This year I made an Advent calendar of witches I learned about while writing The Witch of Eye, because their defiant resistance is light upon light. Today, behind door number 2, I put Walpurga Hausmännin.
You can read a full essay about her over at Diagram. Here’s part of her story:
For thirty years Walpurga Hausmännin worked as a licensed midwife, which meant induced labor, pain meds, birth control, fertility treatments, and abortion. It meant woman who gives you choices you didn’t think you were allowed to have. It meant woman who knows more of death and birth than anyone else in a village in a century when everyone knew so much of both.
The way the story of the court records goes, when she was newly widowed, Walpurga cut corn for Hans Schlumperger. In that field she made arrangements for sex with Bis in Pfarrhof. “Him she enticed with lewd speeches and gestures.” But instead, at the agreed upon hour, a demon named Federlin came to her in this man’s clothes. After fornication she felt the cloven hoof of the whoremonger, who promised to save her from her poverty. She flew with him sometimes on a pitchfork.
It’s hard to resist the sense that you can hear truth inside the confessions. Far more likely you’ve just caught an echo of something about yourself. For example, I think Walpurga had feelings for that corn-cutter who turned out to be something else altogether. I think for a time she felt wanton and reckless and happy. And that she was sorry about it later.

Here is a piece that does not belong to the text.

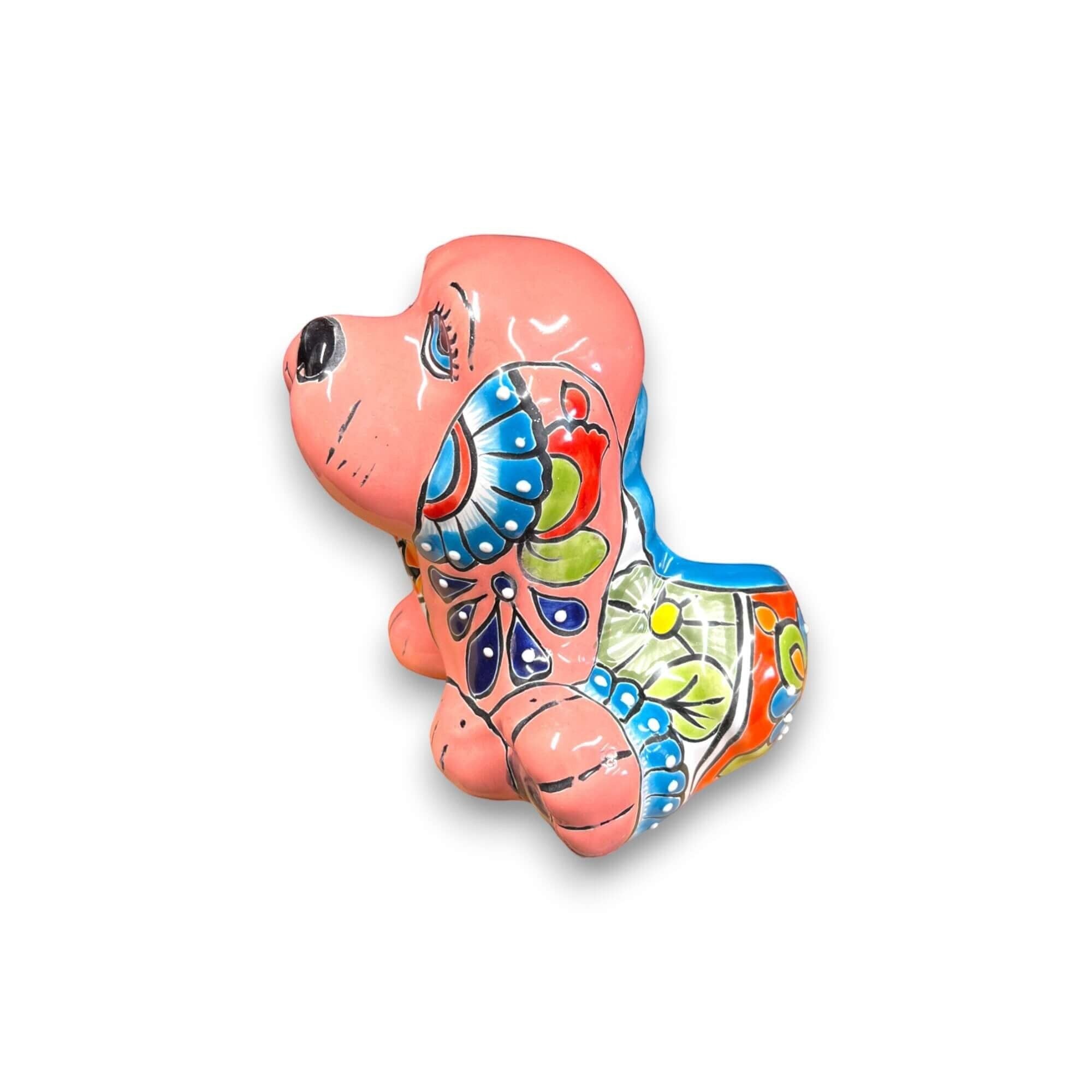 Vibrant Handmade Talavera Dog Statue | Colorful Mexican Canine Art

She says she is sorry so many times in these records. She seems to really believe she deserves what is happening to her. Centuries later, I want to absolve her of this cruel spell the judges put on her. To say, ‘Walpurga, who among us?’
After they tortured and burned her, they dumped her ashes in the nearest flowing stream. This last part at least seems right to me. After absorbing every crime the village had ever known, every stillbirth, every miscarriage, every sick cow, so the inquisition of Dillingin, Germany could be snuffed out with her, she ought to be have been set free to wander the aimless drift of water down through one forest and field after another.